Greece’s international lenders rejected government estimates of 2.5 billion to 3.5 billion euros in savings under a proposed plan to combine 13.5 billion euros in budget cuts and tax hikes. The move sets back the country’s hopes of soon getting the release of more aid needed to keep paying workers and pensioners.

Envoys from the Troika of the EU-IMF-ECB told Prime Minister Antonis Samaras and Finance Minister Yiannis Stournaras that projected savings through cuts in health, defense and public sector spending were too rosy.

Greece
Greece

Samaras, the New Democracy Conservative leader, convinced his coalition partners, the PASOK Socialists and Democratic Left, to renege on their campaign pledges earlier this year to hold the line on more austerity so he could present a united front.

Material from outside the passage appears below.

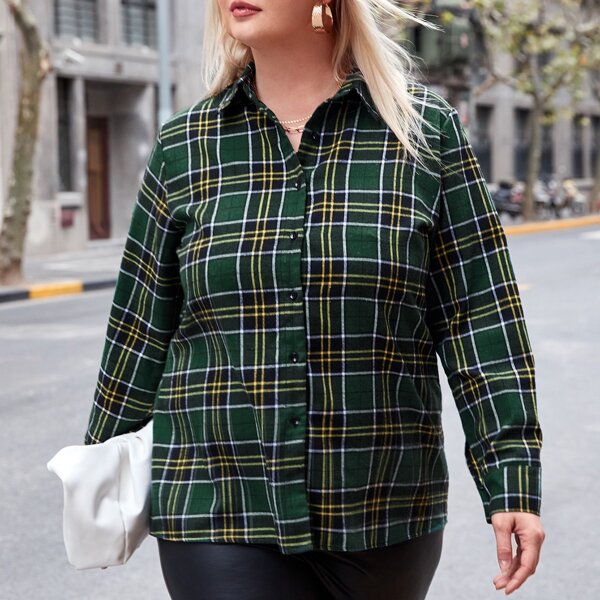 

Plus Plaid Button Front Blouse, Multicolor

The Troika’s stance means it’s unlikely that parliament can act before the October 8th meeting of Eurozone finance ministers. Stournaras said he still believed a deal could be struck in time, but acknowledged the differences were “quite big.”

The stalled negotiations are taking place against a backdrop of growing social unrest following a massive general strike on September 26th, as evidence showed the austerity measures demanded by the Troika have largely backfired, creating 24.1 percent unemployment and shuttering 68,000 businesses.

The government said the country’s five-year recession is getting worse as the economy seems to be collapsing quicker than plans to prevent it, and forecast a 3.8 percent decline in GDP next year. The Troika put the figure at 5 percent.

Greece is awaiting a 31.1-billion euro installment, the last in a first series of 152 billion euros in rescue monies. A second bailout of 172 billion euros is on hold until the budget plan for 2013-2014 is approved by the Troika and parliament.

Takis Pappas, an associate professor of Comparative Politics at the University of Macedonia in Greece, said Samaras’ government could hinge on whether he can get Greeks to accept more austerity and convince the Troika he’s on the right path.

“He either stands firm, which is what he will try to do, or falls, which depends on his political stamina and his opponents’ force. If he falls, things will be very, very bad,” Pappas told SETimes.

Samaras has promised this round of austerity would be the last and that the alternative is being forced out of the Eurozone, back to the drachma, and catastrophe.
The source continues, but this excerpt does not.